Michael interviewing members of a disability rights group in Nigeria for Talk Your Own
“He (the driver) declined saying he didn’t want to take a wheelchair and I discovered that about five or six taxis were not going to take me… I waited for about two hours… it's the kind of thing that an average person with disability faces in our society”.
These are the words of Dr Toyin Aderemi, a disability activist and researcher who was left unable to walk after contracting polio in childhood. Toyin shared her personal experience of discrimination on our radio programme, Talk Your Own.
The World Health Organization estimates that there are 29 million people in Nigeria (15% of the population) living with a disability. Unfortunately, stories like Toyin’s are widespread – with abuse, exclusion, and discrimination a daily reality for people with disabilities in Nigeria. And sadly this goes for the electoral process too. Disabled people are often excluded from elections – both as voters and as candidates – to the point where many have become disenfranchised, resulting in little or no representation within government.
Barrister Catherine Edeh using a sign language interpreter at a BBC Media Action town hall debate
Dialogue, tolerance and peace
Our longstanding weekly radio show, Talk Your Own, airs on 160 radio stations across Nigeria and helps people – particularly from marginalised groups – to make their voices heard, draw attention to their rights, and become more involved in political processes. Our programmes regularly feature people with disabilities talking about their expectations of an inclusive voting process and holding leaders to account, which is particularly important in the lead-up to our general elections this weekend.
The show has helped me to realise how ignorant I have been in the past when it comes to inclusivity.
For instance in the run-up to Nigeria’s last general elections in 2015, I worked as an Assistant Producer facilitating the recording of our ‘town hall’ meetings for radio broadcast. My job was to walk the floor with a microphone so the audience could ask questions of local leaders and politicians. In these meetings, I would hear people murmuring about the demands made by disabled people, such as requests for brail ballot papers, magnifying glasses, and accessible polling booths. I would occasionally catch myself wondering why they were asking for things which seemed so impossible to achieve. But I’m glad to say our work has helped me to know better.
Ibrahim Adamu from Bwari, Abuja talking to Michael about the difficulties faced by PWDs
Changing minds, changing lives
Hearing more and more from people with disabilities has helped me and our millions of listeners across the country gain a deeper understanding of why these demands are so important. It’s been a privilege providing them with a platform from which to speak, and in many episodes of Talk Your Own they have been able to extract commitments from leaders and policy makers to which they can be held accountable.

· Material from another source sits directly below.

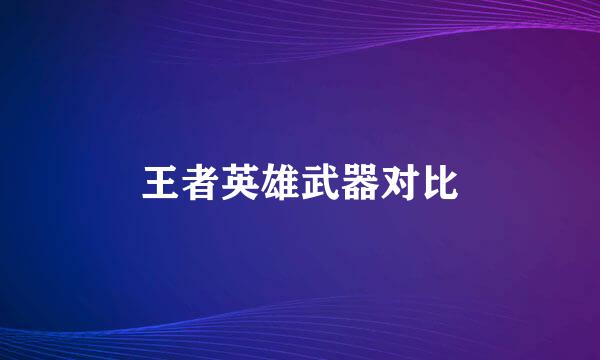 王者英雄武器对比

The good news is that these demands are being heard and acted upon!
On 9th January, the electoral body in Nigeria released guidelines for the conduct of the 2019 elections, and in a breakthrough these guidelines include the provision of brail guides and magnifying glasses, as well as priority voting for people with disabilities. And the icing on the cake? On January 23rd the President signed a bill into law which prohibits discrimination against disabled people.
Both of these moments are just a small milestone in the bigger journey towards a completely inclusive Nigeria. But for me, as a member of the BBC Media Action Nigeria radio team, now more than ever it strengthens my resolve that making inclusive radio programmes will lead to a better society for all.
Michael Ashofor is a Producer for BBC Media Action Nigeria, based in Abuja.
Our weekly radio shows Talk Your Own and its sister show (in Hausa language) Mu Tattauna reach 19.7 million and 11 million people across Nigeria respectively, regularly featuring the voices and stories of people with disabilities.